Среди дачников представительницею порядка, благовоспитанности и строжайшей нравственности была М. А. Дейша-Сионицкая. Представителем озорства, попирания всех законов божеских и человеческих, упоенного "эпатирования буржуа" (ошарашивания мещанина) был Максимилиан Александрович Волошин, или, как его все называли, Макс Волошин. Он был грузный мужчина с огромной головой, покрытой буйными кудрями, которые придерживались ремешком или венком из полыни; ходил в длинном древнегреческом хитоне, с голыми икрами и с сандалиями на ногах. Вокруг него группировалась талантливая местная и приезжая молодежь. Сами они называли себя "обормотами" и яро враждовали с благонравною частью населения, возглавлявшеюся Дейша-Сионицкой.
Энергией и хлопотами Дейша-Сионицкой в Коктебеле было основано общество благоустройства поселка. До этого времени мужчины и женщины купались в море, где кто хотел, и это, конечно, было для многих женщин очень стеснительно. Теперь пляж был поделен на отдельные участки и на границах их поставлены столбы с надписями: "для мужчин", "для женщин". Один из таких столбов пришелся как раз против дачи Волошина. Волошин выкопал столб, распилил на дрова и сжег. Дейша-Сионицкая, как председательница общества благоустройства, написала на Волошина жалобу феодосийскому исправнику Михаилу Ивановичу Солодилову.

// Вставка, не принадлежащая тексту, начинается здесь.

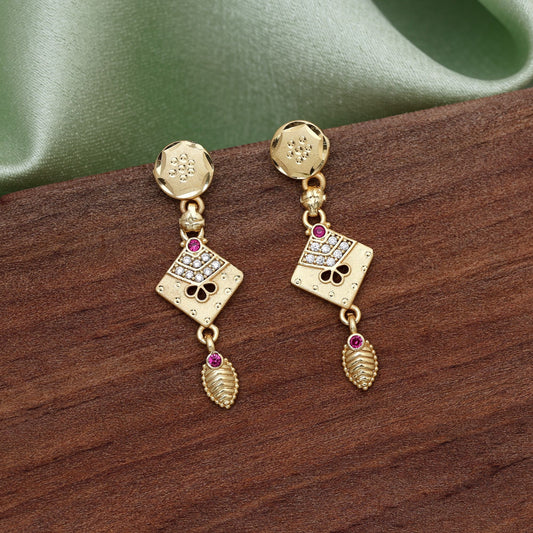 Gold Color Antique Earrings Designed To Complement Ethnic Outfits Beautifully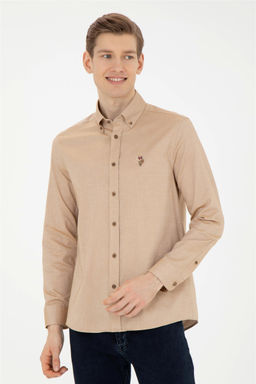 Мужская базовая рубашка кокосового цвета с длинным рукавом - U.s. polo assn фото 3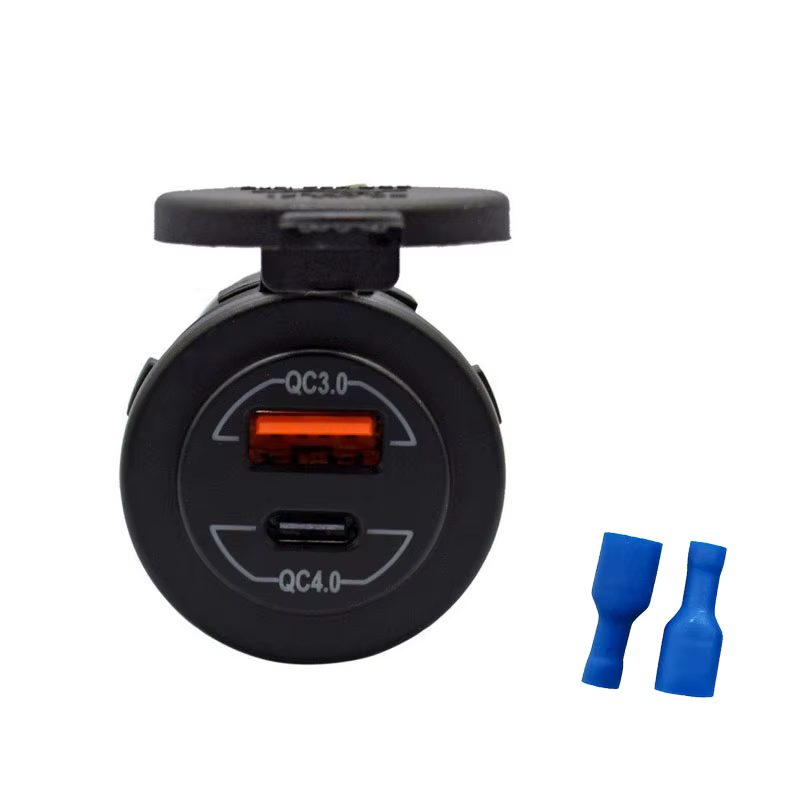 Chargeur de voiture rapide double port (USB-C + USB-A) pour véhicules 12 V/24 V – Compatible avec vo
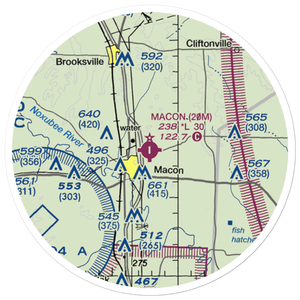 Macon Municipal Airport (20M) VFR Sectional Sticker (20 mile)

Исправник прислал на имя "Макса Волошина" грозный запрос, на каком основании он позволил себе такое неприличное действие, как уничтожение столба на пляже. Волошин ответил: во-первых, его зовут не Макс, а Максимилиан Александрович. Правда, друзья называют его "Макс", но с исправником Солодиловым он никогда брудершафта не пил. Во-вторых, он, Волошин, считает неприличным не свой поступок, а водружение перед его дачею столба с надписями, которые люди привыкли видеть в совершенно определенных местах.
Суд присудил Волошина к штрафу в несколько рублей.
Волошин обладал изумительною способностью сходиться с людьми самых различных взглядов и общественных положений. Он был в дружеских отношениях с тогдашним таврическим губернатором Татищевым. Однажды, вскоре после вышеописанного происшествия со столбом, жена губернатора, проездом из Феодосии в Судак, заехала к Волошину и обедала у него. Исправник же Солодилов, как тогда полагалось, дежурил у ворот дачи при губернаторской коляске. Губернаторша вышла, радушно простилась с Волошиным и уехала. Солодилов подошел к Волошину, дружески взял его под руку, отвел в сторону и сказал:
- Максимилиан Александрович! Вам тогда не понравилось, что я назвал вас Максом. В таком случае, пожалуйста, называйте меня - Мишей.